While it is tempting to go into a long discussion about debt loads and the brutal economics of corporate media, incentives and profitability, let us just return to the Apocalypse or golden age question by returning to the 1400’s. When Gutenberg invented the printing press, it was an Apocalypse for those holding a monopoly on information and access to knowledge. The impact of what is happening today is several orders of magnitude greater not just because of the sophistication of the tools, but because the products those tools create can easily and inexpensively reach an international audience without many barriers to entry. The confluence of universal broadband, powerful technology and negligible expense mean that the Information Age is roughly like Gutenberg inventing the transistor radio in 1439. It also removes the disincentives to quality inherent in a mass-market product.
These are hardly original observations, but it is worth reminding ourselves of all this from time to time. Here’s what got us thinking about it, a brief post on Slate’s ‘The Big Money’ (in, as chance would have it, their ‘Goodnight Gutenberg’ blog) called, ‘Advertisers Still Dislike Magazines.’ The opening paragraph:
Magazine publishers have been waging a war to convince advertisers that their product is a superior place for promotion. So far, they’re not having much luck. Ad pages dropped again in the first quarter of 2010. The 9.4 percent was off an already awful comp in 2009, when pages had come down by more than 25 percent.
The way we see it, the problem for magazines isn’t that they are not a valuable place to sell advertising. The problem is that, in their current form, magazines are not useful revenue machines for massive media companies obligated to perpetually maximize their share price above all else. That obligation creates the skewed economics of big legacy media outfits — writing a collection of articles enough people want to buy and then selling ad space at a reasonable price is not enough when you have to continuously feed a requirement for maximum growth and revenue as a business unit inside a massive organization. If anything, the primary culprit being blamed for the death of print (on which you are reading this post) demonstrates pretty conclusively that there is a vast, unlimited demand for written and other media content. People will pay for what they value, but if they are being charged for a bound booklet of distracting advertisements sprinkled with mediocre editorial content, one cannot reasonably expect to sell that advertising space for many tens of thousands of dollars a pop. The media industry has become a collection of Rube Goldberg machines. The threat to them from other machines will be a good thing in the end, so long as you don’t have too much invested in Rube Goldberg Industries Inc.
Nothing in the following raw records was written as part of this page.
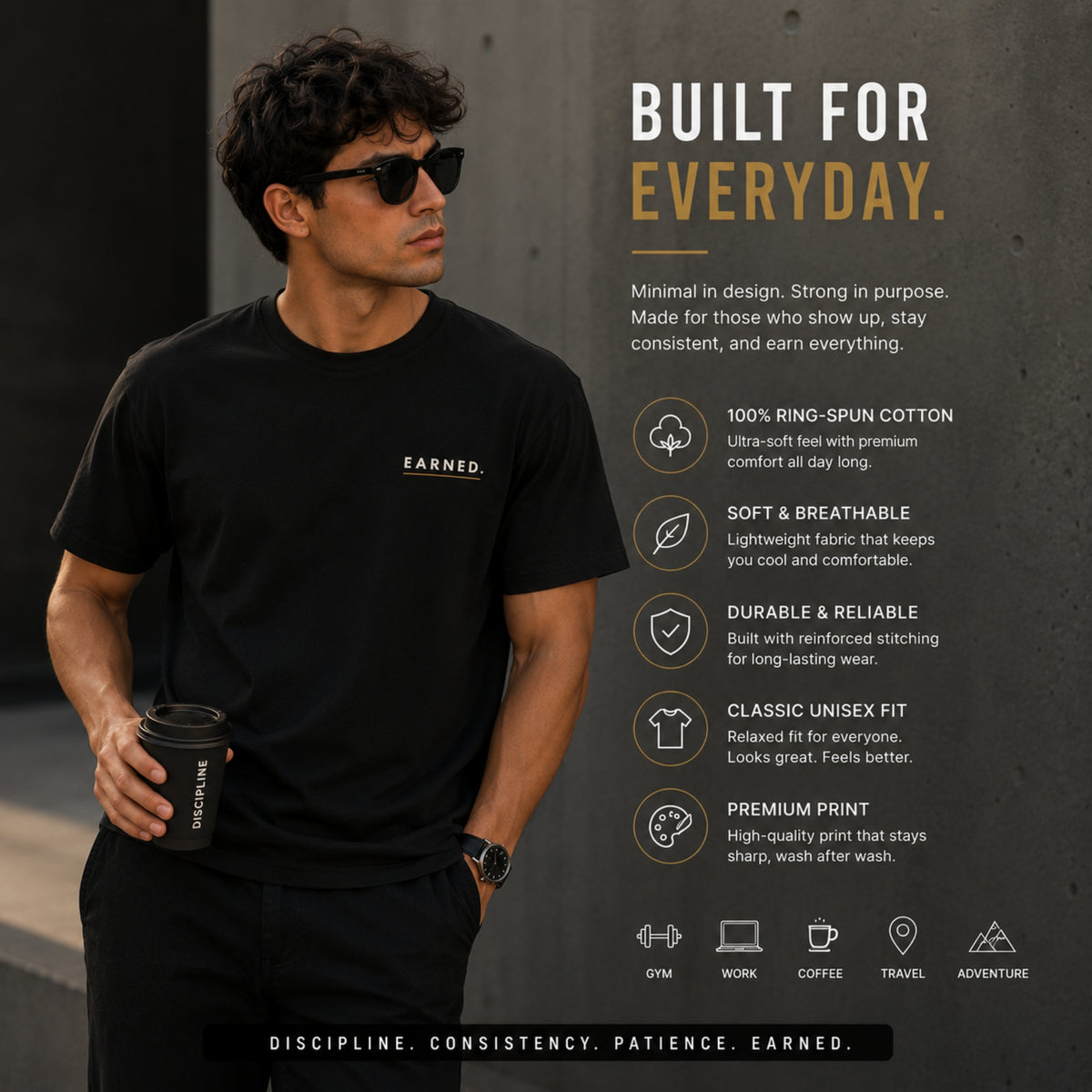 Earned Minimalist T-Shirt, Motivational Gym Shirt, Discipline Mindset Tee, Unisex Heavy Cotton Graphic Tee, Streetwear Gift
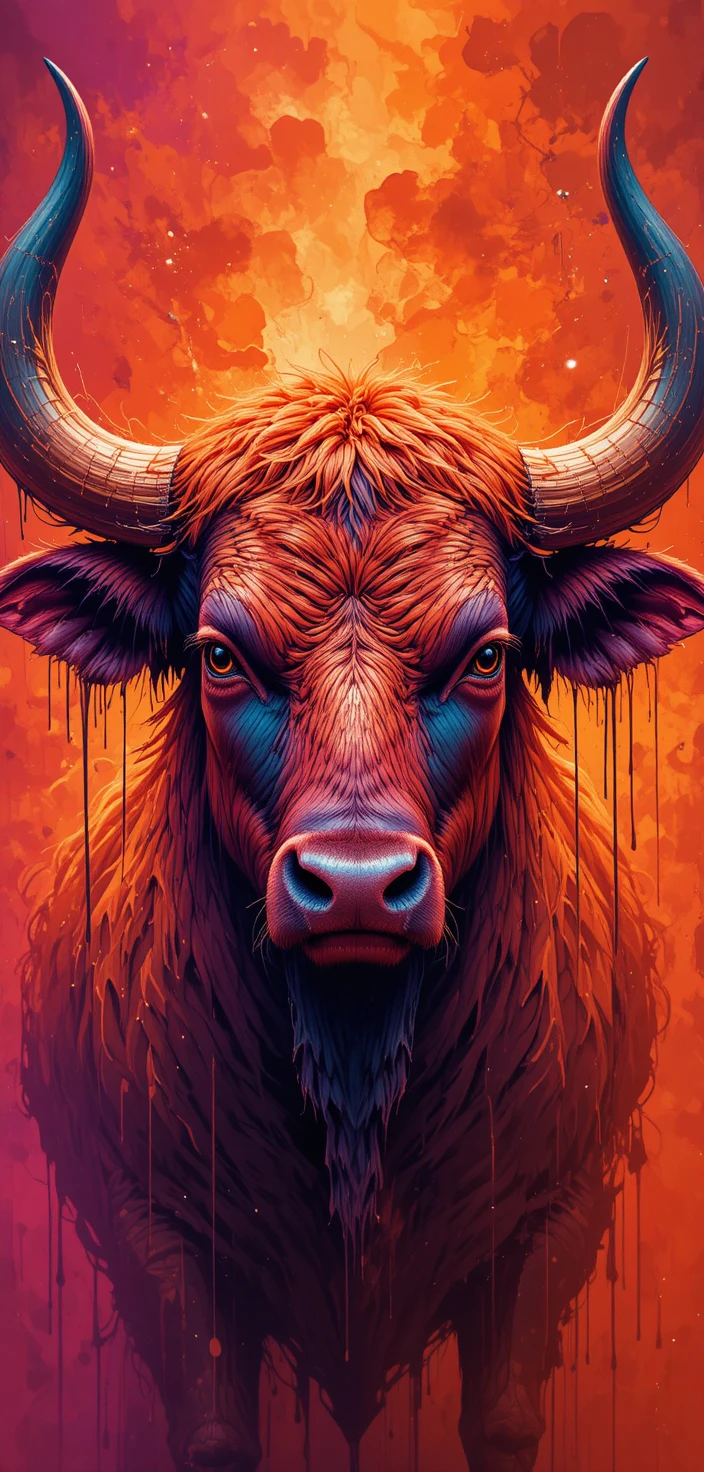 Vibrant digital bull with massive dripping horns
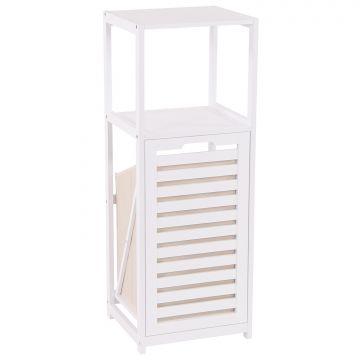 Adelaide - Mobiletto multiuso in legno di pino con 1 ripiano + 1 cesto - 36x33x98h cm Casa Collection Bianco
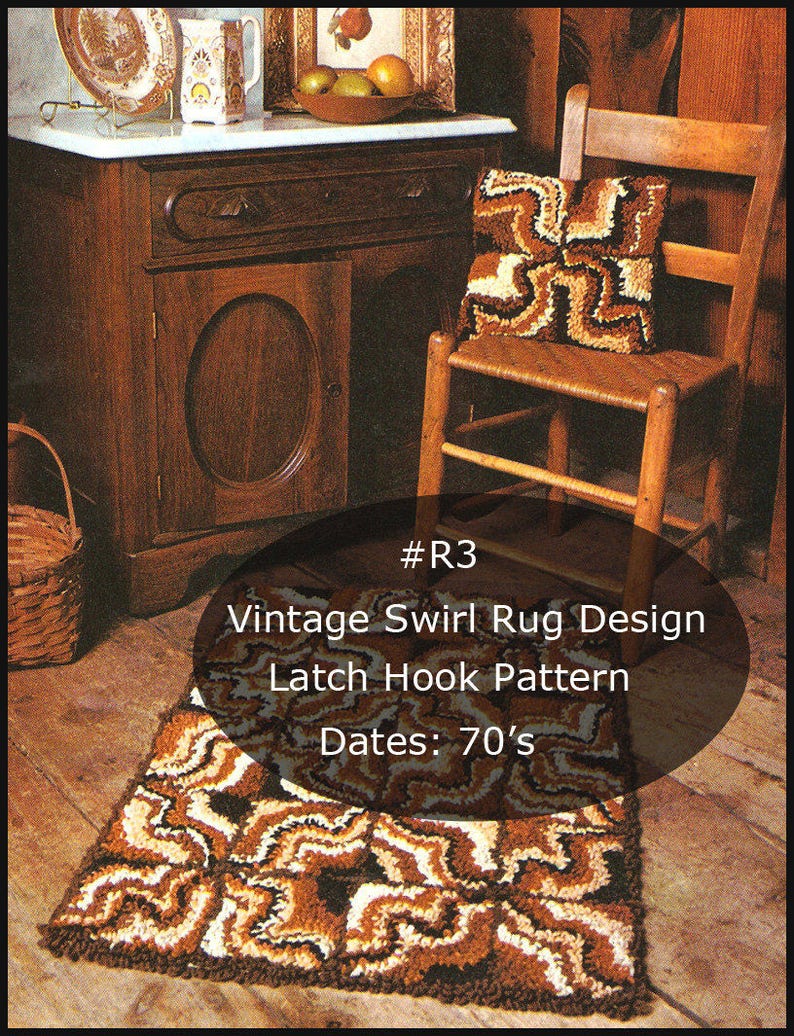 May include: A vintage swirl rug design with a latch hook pattern, featuring a 70's aesthetic. The rug and matching pillow showcase a brown, beige, and cream color palette. The rug is rectangular, and the pillow is square, both with a swirling pattern.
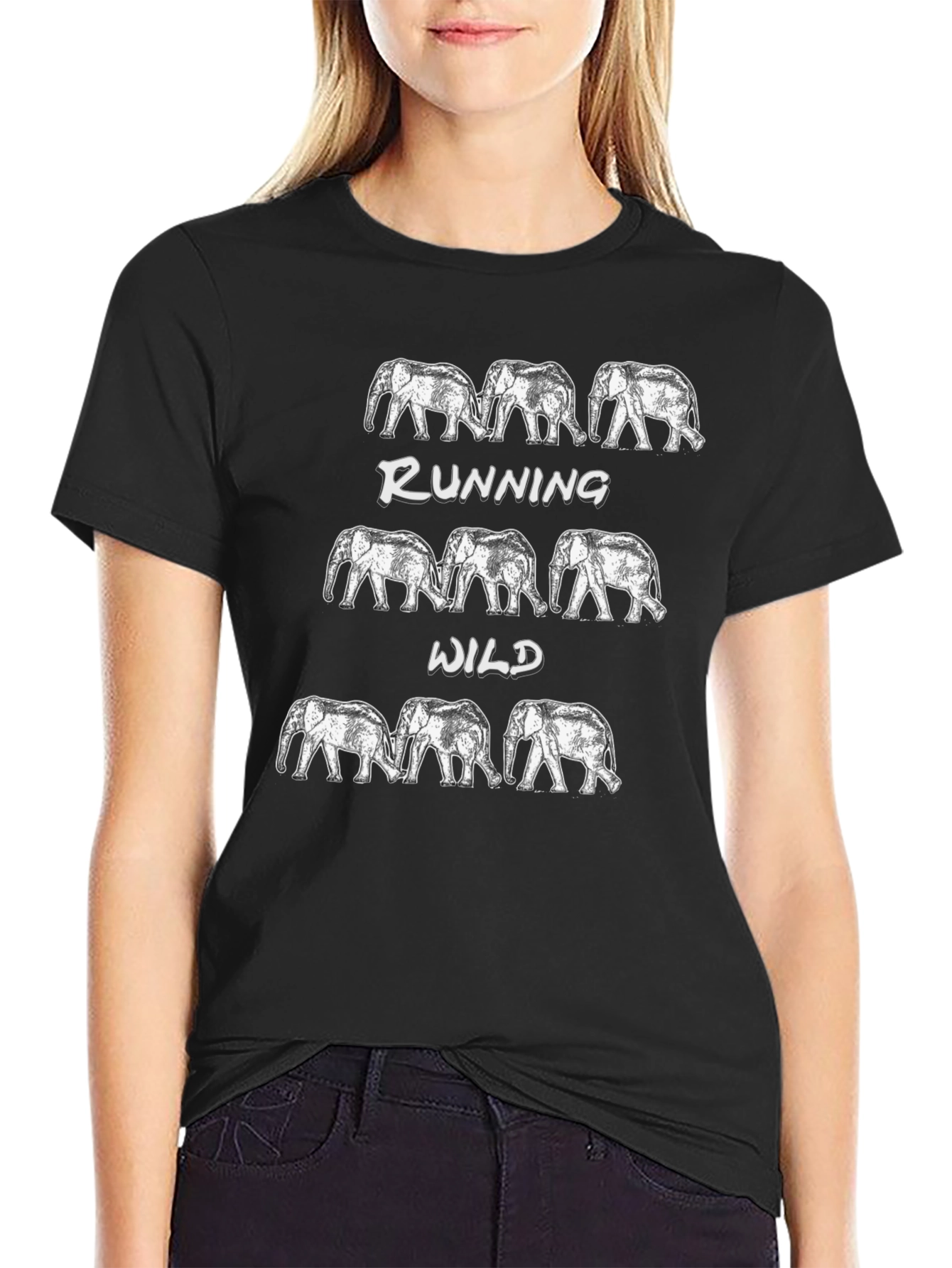 Black Running Wild Elephant Graphic Tee view 2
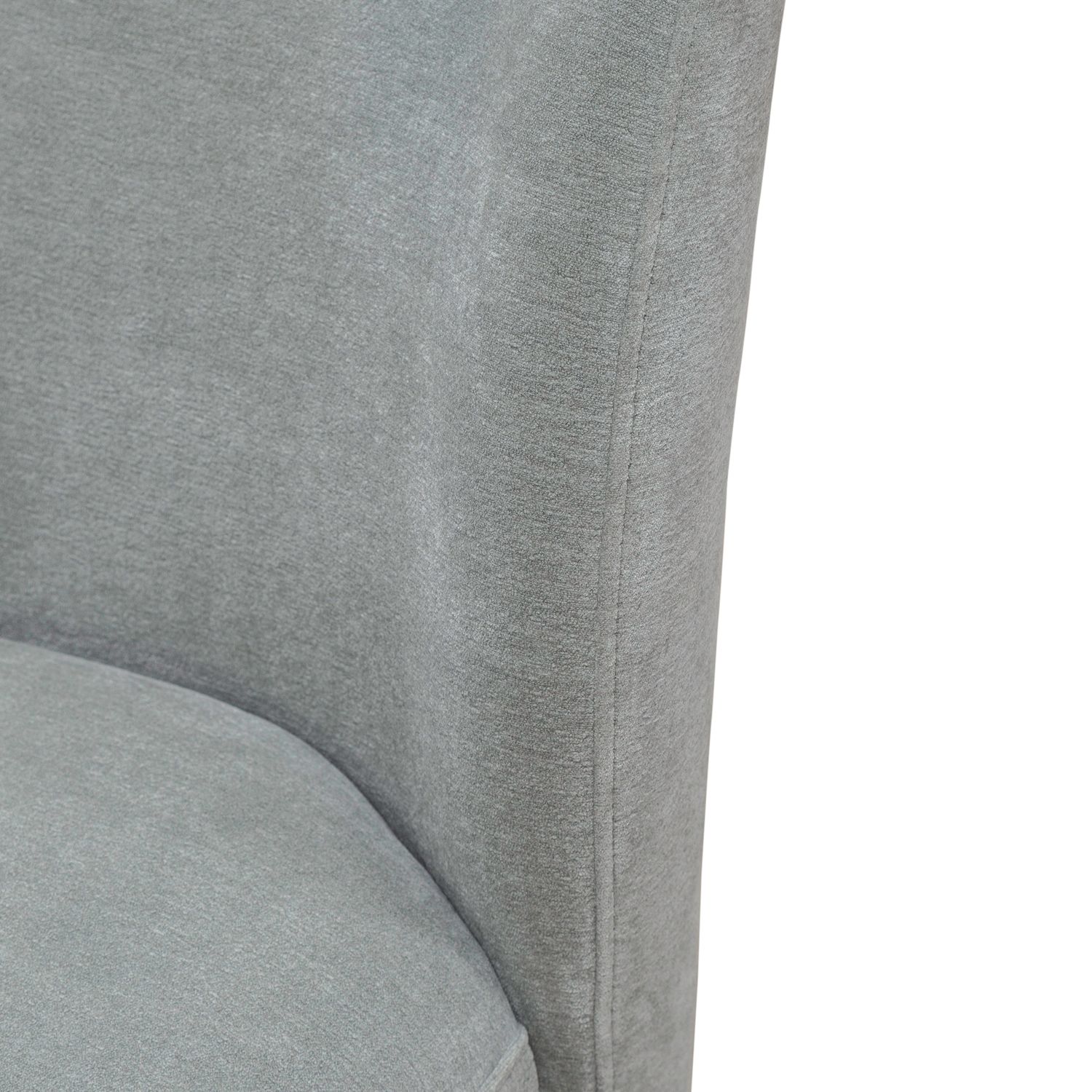 Fabric Sloping Curves Back Accent Dining Chair w/Casters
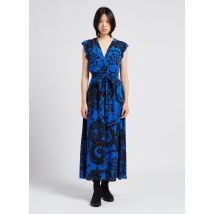 Sud Express - Lange jurk met overslag en print - S Maat - Blauw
So why does a production company like the Production Directorate maintain a blog like this? Because one of our basic value propositions is that we can produce a significant amount of the highest-quality, most desirable video content and get it to an audience that wants to see it for less than the price of running an ad in a magazine. No one buys a magazine for the ads, and no one watches commercials on YouTube. But people will search YouTube for content they like and find useful. If you’re an airline, produce some cool pieces about your destinations for the guy on YouTube who really wants to go to Maui. Or sponsor digital programs you want your brand associated with — Pacific Life sponsors NOVA on PBS because Pacific Life likes what that says about them as a company. Get your message out, create something valuable, support good work… and do it all on a budget that would terrify the bean counters inside an old-school media machine.